The hypocrisy doesn’t stop there. When the UGC’s Promotion of Equity in Higher Education Institutions Regulations, 2026 came out, rules meant to fight caste discrimination on campuses but criticised for lacking safeguards against misuse and for tilting heavily toward SC/ST/OBC students while leaving general-category students exposed, the backlash was massive.

Campuses in UP, Delhi, Bihar and elsewhere saw angry protests. Upper-caste students called it a “black law” and warned of reverse discrimination. Petitions piled up, the Supreme Court stayed the rules over vagueness and misuse fears, and even inside the BJP more than a dozen local leaders in Uttar Pradesh resigned, accusing the Centre of betraying its own upper-caste base.

Where was Manipur BJP then? Invisible. No fiery statements, no imported anger, no Mahila Morcha voices calling the UGC rules an “enemy of youth,” even though thousands of general-category students see them as exactly that. The unit that was so eager to drag a Delhi Congress protest home stayed completely quiet on a national issue that actually hurt a core part of their own voter base.

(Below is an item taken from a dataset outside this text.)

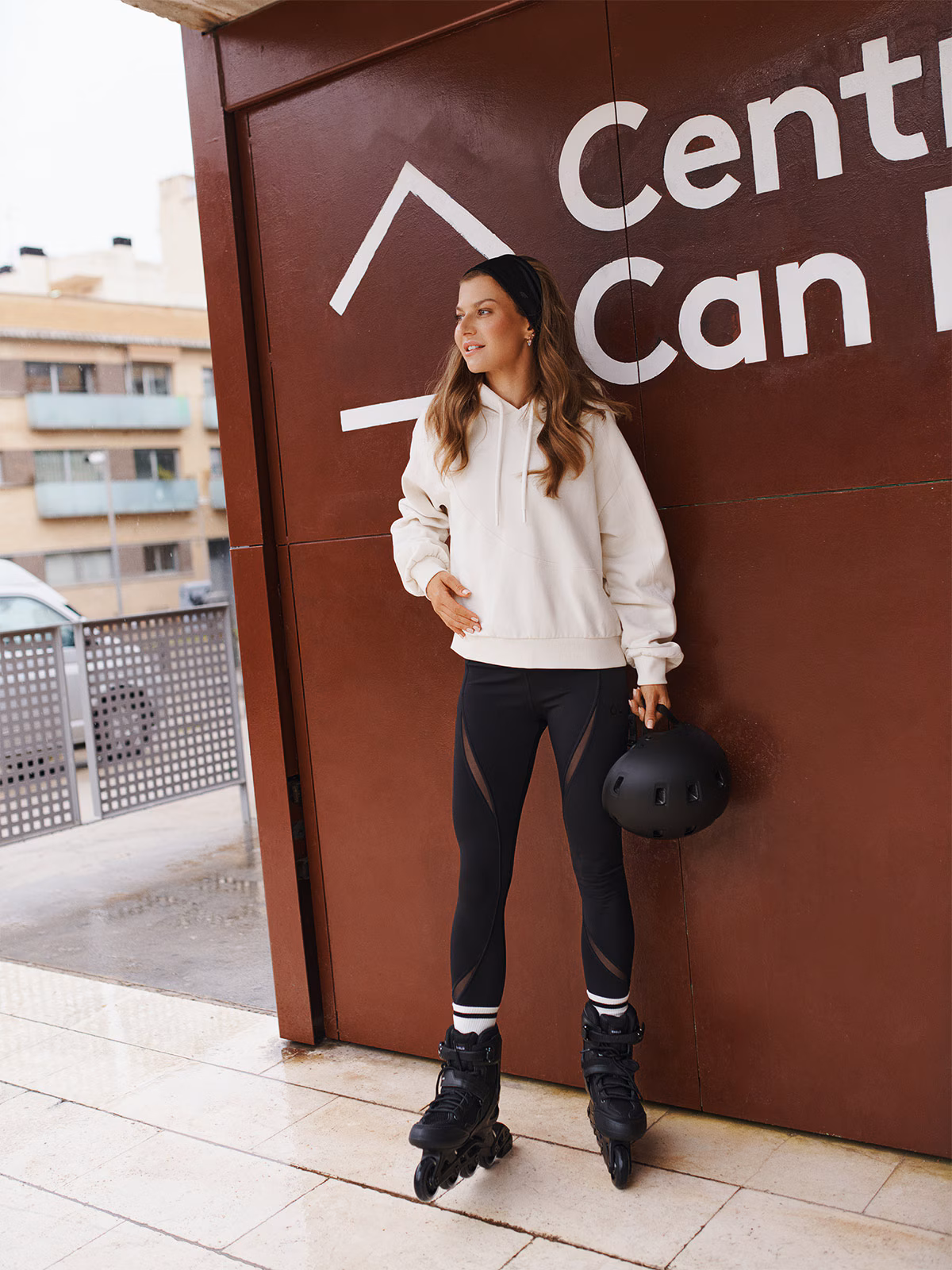 Bluza dresowa z kapturem damska 4F x Anna Lewandowska - beżowa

This is classic election-season politics: get loud against the opposition the moment votes are in sight, stay silent on everything else, especially when it involves criticising the Centre or holding your own leaders accountable.In a state already torn apart by ethnic fault lines, reservation fights, and years of bloodshed, dragging in unrelated national rows does nothing useful.

It distracts from real local failures, fuels more division, and solves zero problems. If Manipur BJP really cared about youth and national issues, they would have spoken up consistently, on the UGC rules, on IDP welfare, on the handling of the violence not just when it’s convenient for poll optics.

People here deserve better. They deserve leaders who show the same outrage for Manipur’s suffering as they do for a Delhi robot-dog embarrassment. They deserve consistency, not selective anger timed to the election calendar.

Until that changes, these sudden street shows will remain what they are: convenient outrage, switched on when polls draw near and switched off the rest of the time.